RE: RARA-AVIS: EDWARD ANDERSON & Crime Time magazine

From: Robison Michael R CNIN (
Date: 27 Nov 2002

Hi Steve,

I've broke with tradition here and stuck my comments above yours, since your post is long and I couldn't really see any part to cut that I didn't have some kind of lie to respond with.

I felt the same as you about THIEVES LIKE US. I liked Keechie and Bowie. It was sad to see Bowie's dream of using the money to buy a farm and earn an honest living dissolved by the lure of easy money from bankrobbing. Anderson did such a great job with Keechie. She doesn't talk much, but you know what's going through her head. My feeling was that Keechie knew, more than any of the others, what road they were going down, and how it would end up. The scene where it becomes apparent that Keechie will use a gun speaks volumes, too. Notice how Anderson is vague in some of the scenes of violence? Smells like Faulkner to me. I thought it was questionable. It might have been OK for Faulkner, but Anderson's style is way more direct and straightforward than Faulkner, and to all of a sudden leave out a critical part of the story sort of sucked.

My grandparents had great stories about the 1920s and my parents had childhood memories of the Depression. And I agree with your comments about the 30s generating good writers. I've been trying to find 15 or 20 new authors for every decade. The Thirties were not a problem. The Forties required a bit more looking around. And the Fifties look like even more of a challenge.

I guess my politics started out on the left when I was a youth and has gradually shifted right as I've evolved into a crusty old redneck. But the left-winging of the 30s and 40s have got some strong historical justifications behind them. With the industrial revolution not far in the past, there were few restraints on capitalism, and it tended to step on people. Dickens played that tune. And then there were the muckrakers from the pre-1920 era. Upton Sinclair's THE JUNGLE has got some absolutely great parts in it about the meatpacking industry.

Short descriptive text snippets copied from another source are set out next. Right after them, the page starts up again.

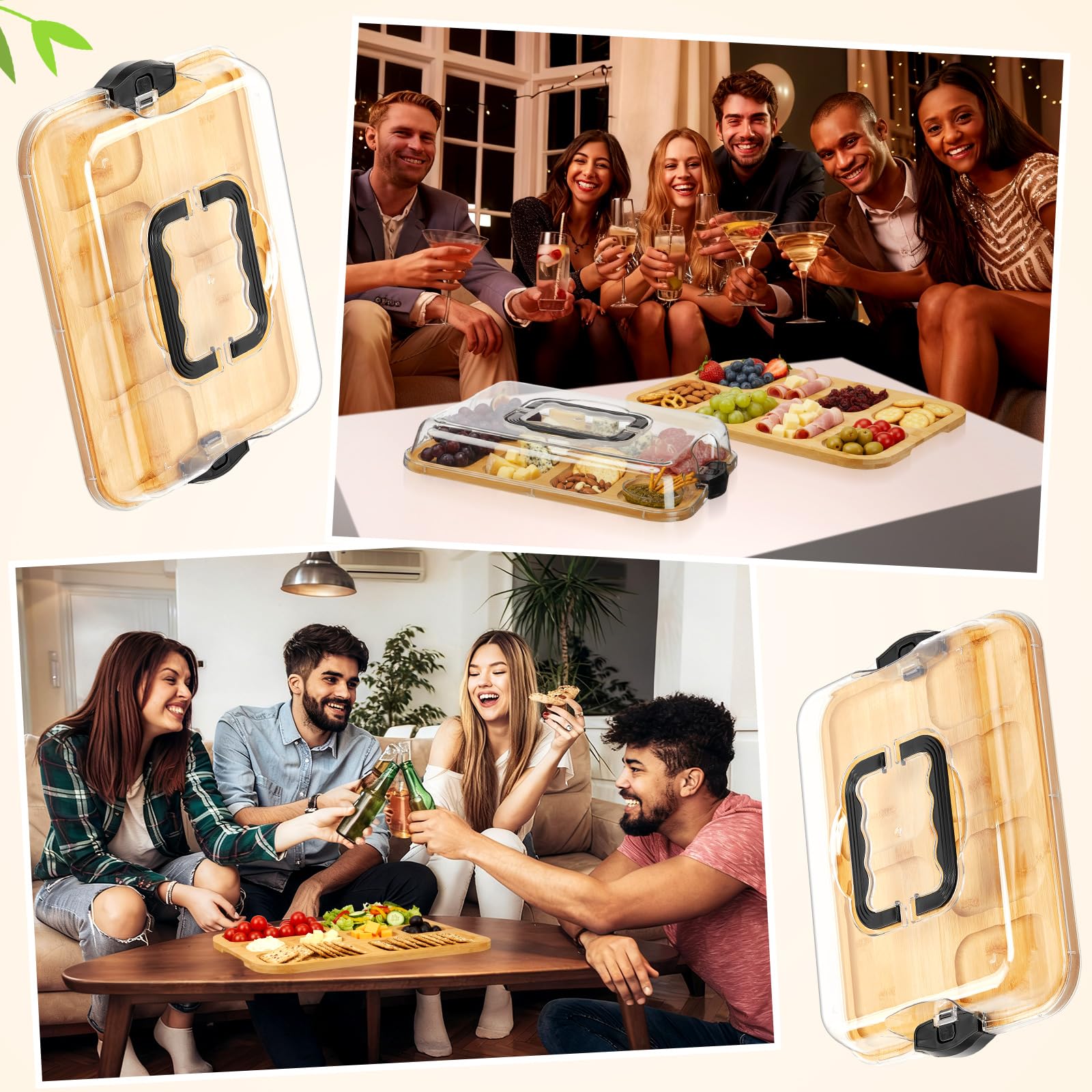 LemonRoad charcuterie board with cover protects contents during transport.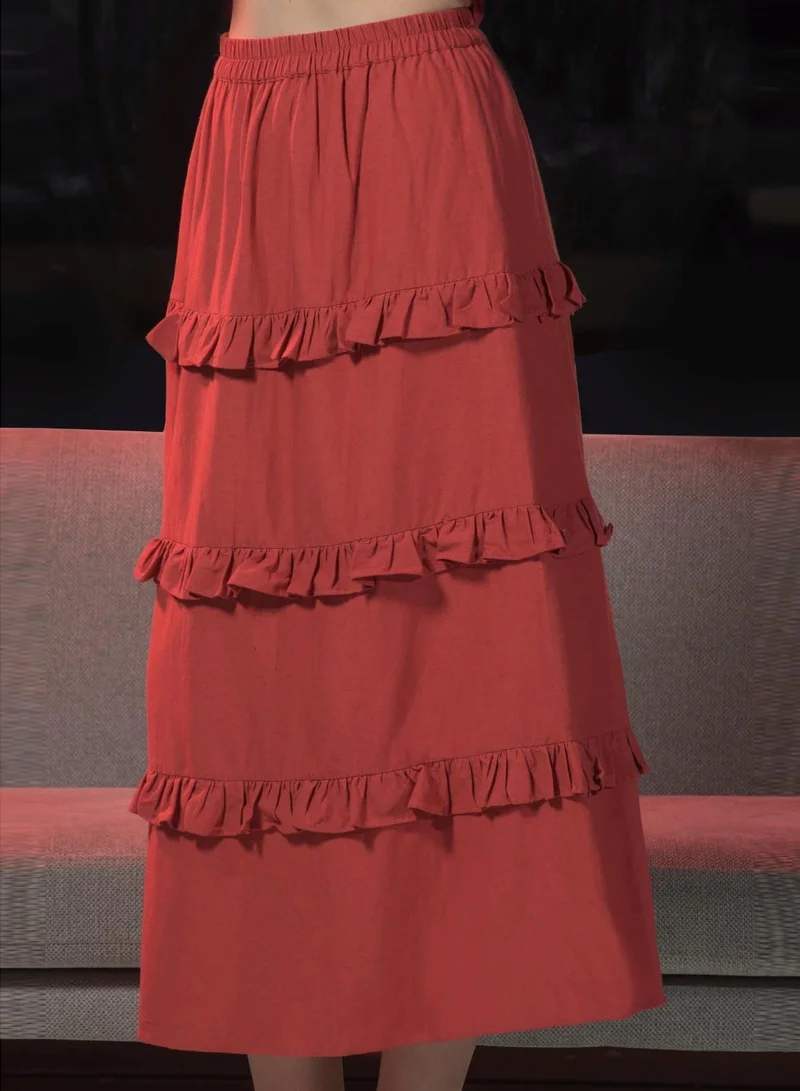 Virgio 100% Viscose Skirt Midi Length With Ruffle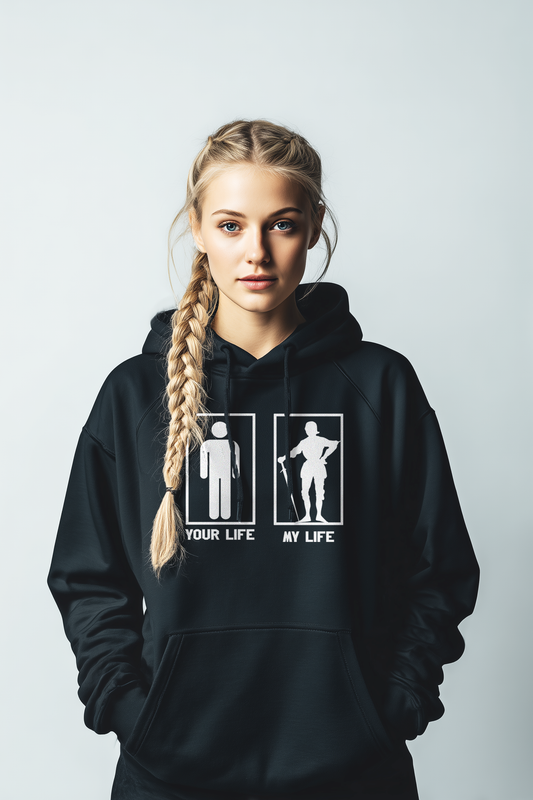 Your Life / My Life – Minimal Design – Buhurt Damen Hoodie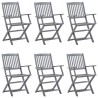 Chaises pliables d'extérieur lot de 6 et coussins Bois d'acacia 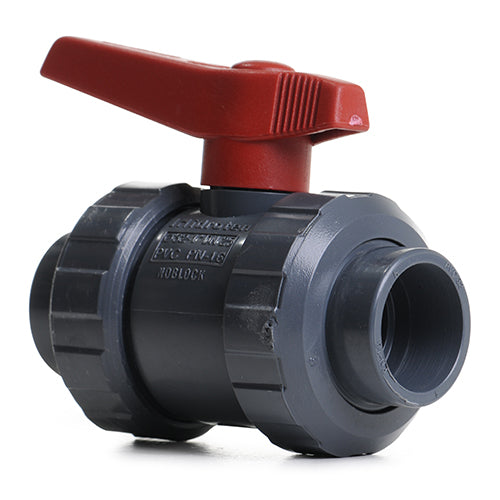 1" Grey PVC Double Union Ball Valve P/P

Surf around at and see what you can find. I think the tricky part is that at the crimetime site they want a check sent to them for back issues, and you have to go to some UK online bookstore to buy the back issues with a credit card. I can't remember how I got that done. Email me if you can't figure it out, and I'll dig around and see what I can find.

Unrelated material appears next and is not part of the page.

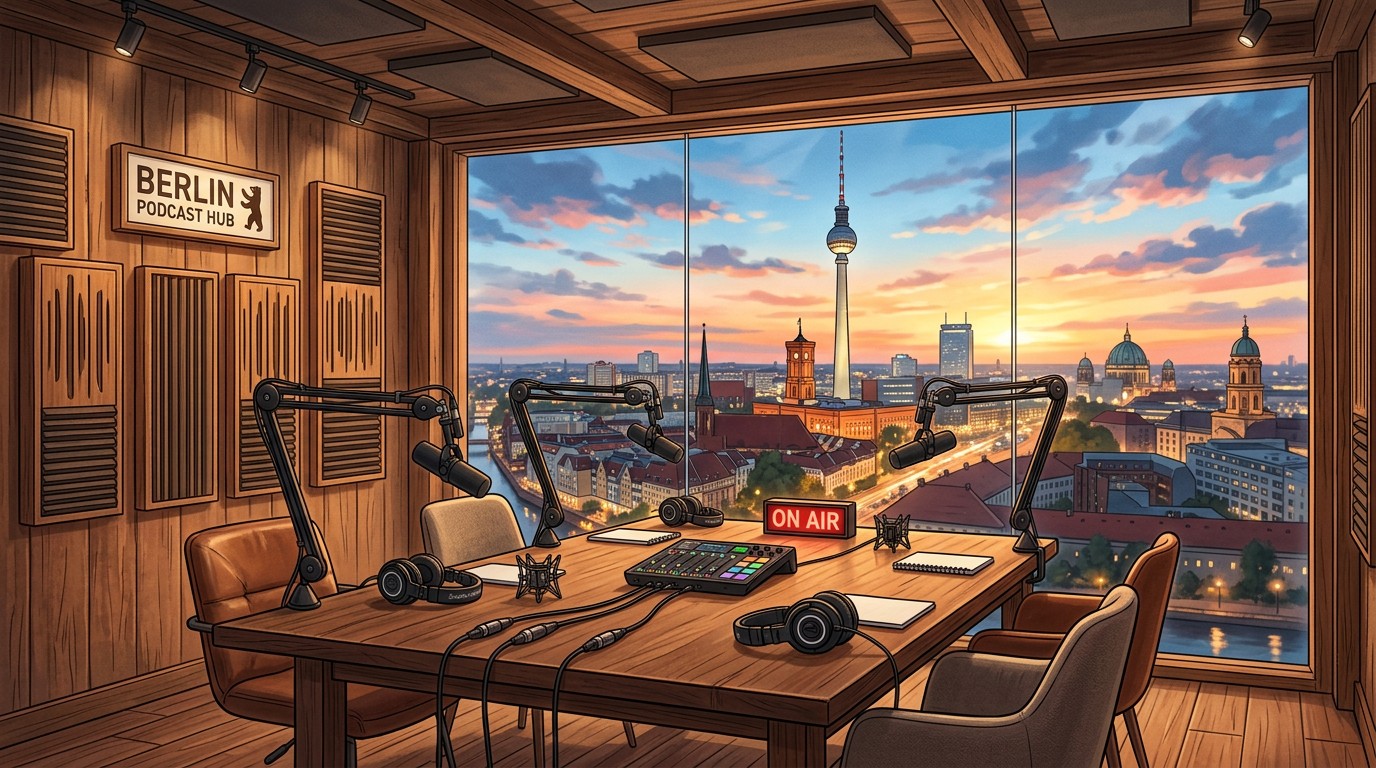 Empty wooden podcast studio with Berlin view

***************************** Steve Harbin wrote:
  I just finished THIEVES LIKE US, after reading THE POSTMAN ALWAYS RINGS TWICE, and THEY SHOOT HORSES, DON'T THEY?, and found Anderson's tale of bank robbers in the depression southwest to be compelling. It wasn't as "hard to put down" as the Cain or the McCoy, and it seemed more "dated" than those two, but it still was a good read. One of the things I look for in any fiction is the ability of the author to make me care about what happens to the characters, and Anderson did well at this, making Bowie a sympathetic focus of the novel. It was easy to understand his motivations and actions.

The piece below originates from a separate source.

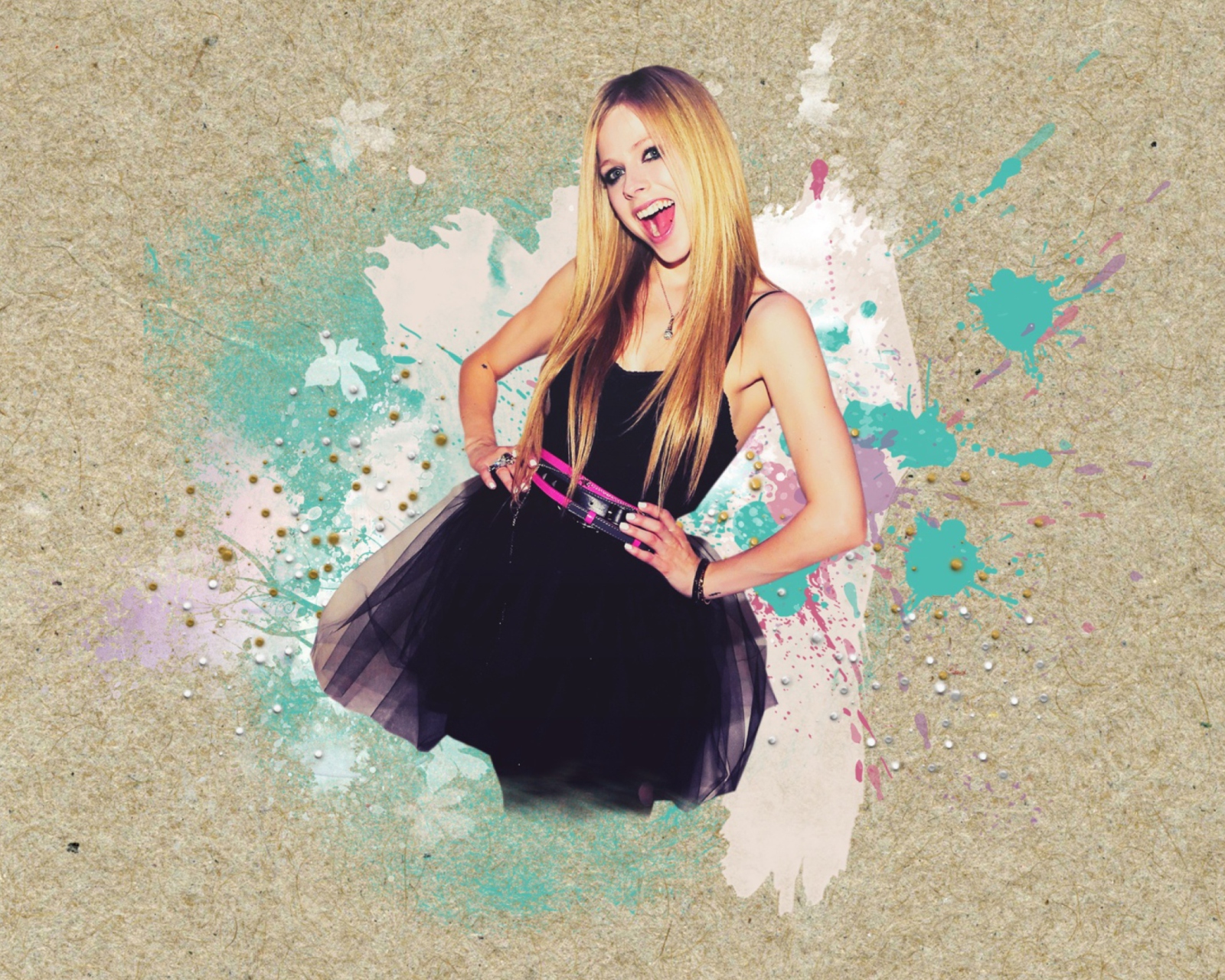 Обои Avril Lavigne In Black Dress 1600x1280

Regarding the dated or 1930's feel to the novel, I don't always view this as a negative, and certainly didn't in this case. The 1930's era has always been of supreme interest to me, both because I used to teach high school history and because my parents and grandparents used to always tell such interesting stories of the time and place. It's probably not beyond the realm of possibility that some of my ancestors might not have gone the THIEVES LIKE US route to survive. Which is partly Anderson's point, I think. The overwhelming bad times of the Great Depression seems to have produced a large number of writers who could sympathize with the downtrodden and the underdog and even the criminal.

My own take is a little more to the right of these 1930's guys, but then had I lived through those times I would probably have viewed the world in a manner similar to theirs. Interestingly enough, the brief biography on Anderson at the back of Library of America's CRIME NOVELS OF THE 30'S AND 40'S mentions that at the end of his life he "espoused extreme right wing political views, along with religious beliefs based on Swedenborgianism". I am unaware of the term, can anyone enlighten me? Steven (off to search engine for "Swedenborgianism")

Regarding the Anderson article, how do I get in touch with Crime Time to order a copy? If this has already been mentioned on the list I apologize.